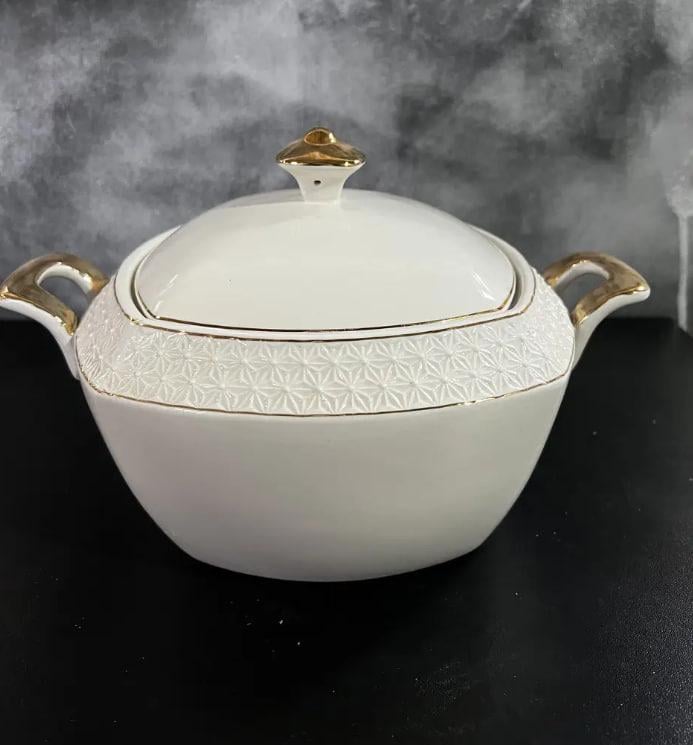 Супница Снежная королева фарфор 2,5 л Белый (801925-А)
---
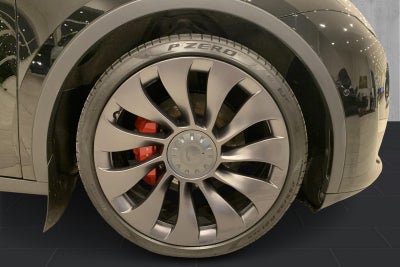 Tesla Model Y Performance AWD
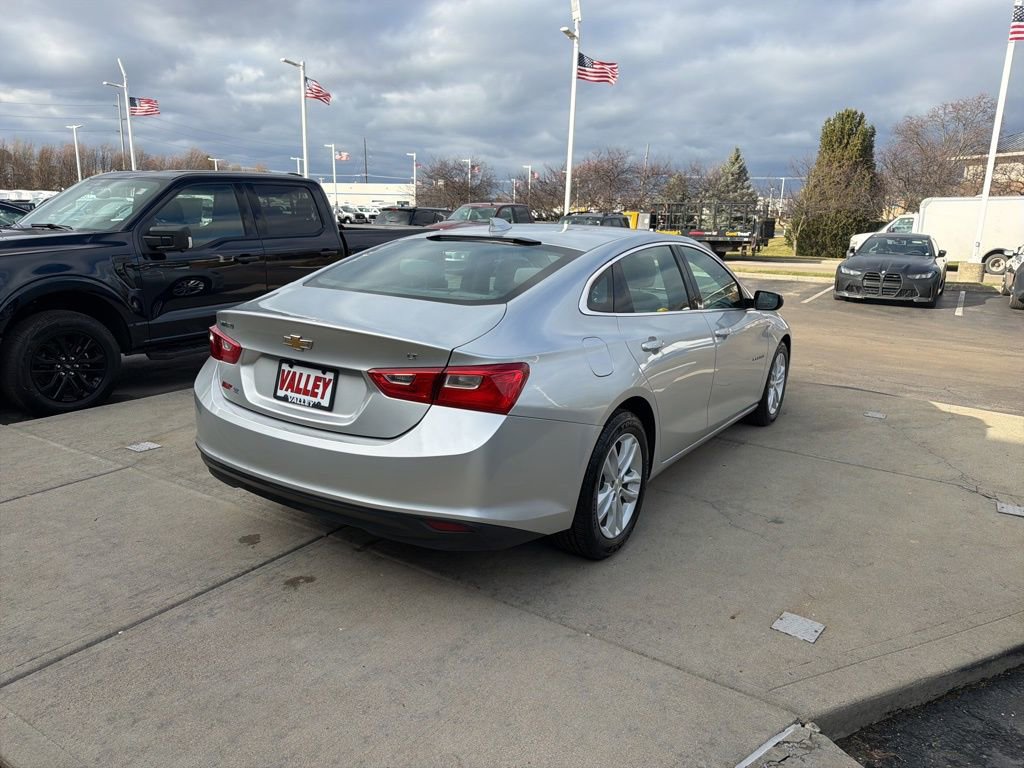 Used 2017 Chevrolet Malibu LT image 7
...
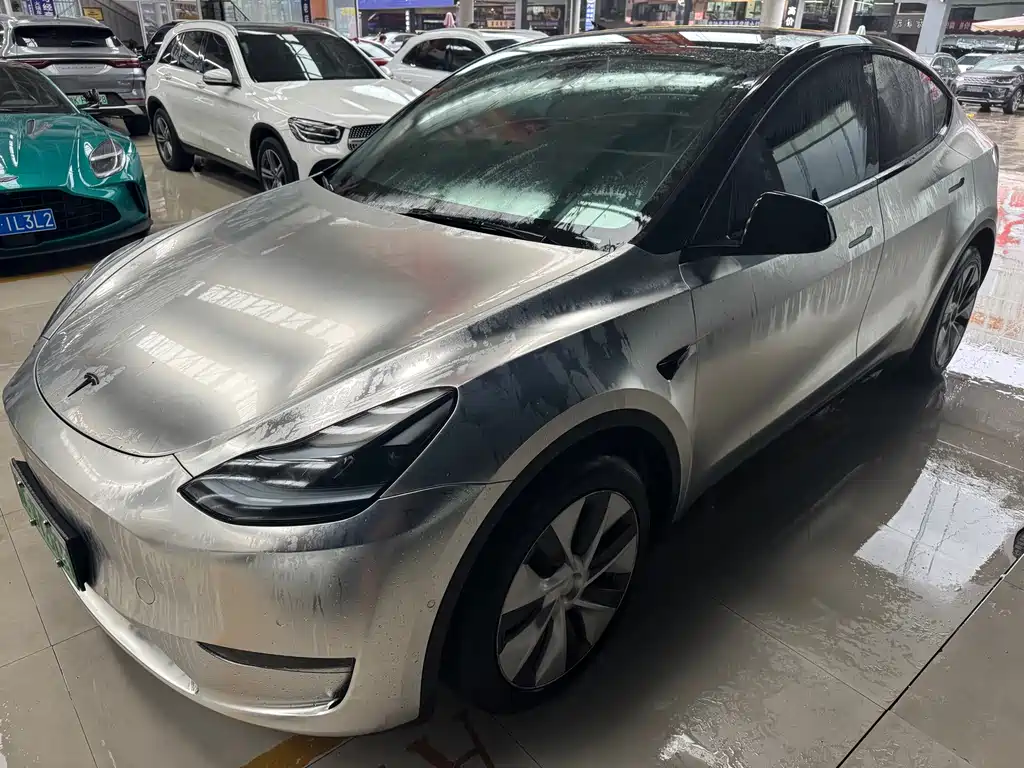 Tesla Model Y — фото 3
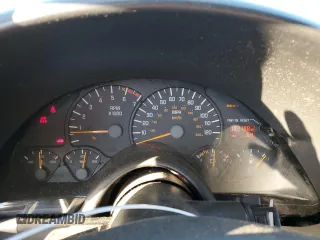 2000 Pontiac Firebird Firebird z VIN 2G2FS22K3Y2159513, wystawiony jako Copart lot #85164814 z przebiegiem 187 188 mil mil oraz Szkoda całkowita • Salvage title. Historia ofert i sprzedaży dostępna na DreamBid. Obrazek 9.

TASK PROMPT:
Having found the line with "Tesla Model Y — фото 3" and the line with "2000 Pontiac Firebird" in the material above, write out exactly those two and every line between, leaving the pictures out.

EXERCISE OUTPUT:
 Tesla Model Y — фото 3
 2000 Pontiac Firebird Firebird z VIN 2G2FS22K3Y2159513, wystawiony jako Copart lot #85164814 z przebiegiem 187 188 mil mil oraz Szkoda całkowita • Salvage title. Historia ofert i sprzedaży dostępna na DreamBid. Obrazek 9.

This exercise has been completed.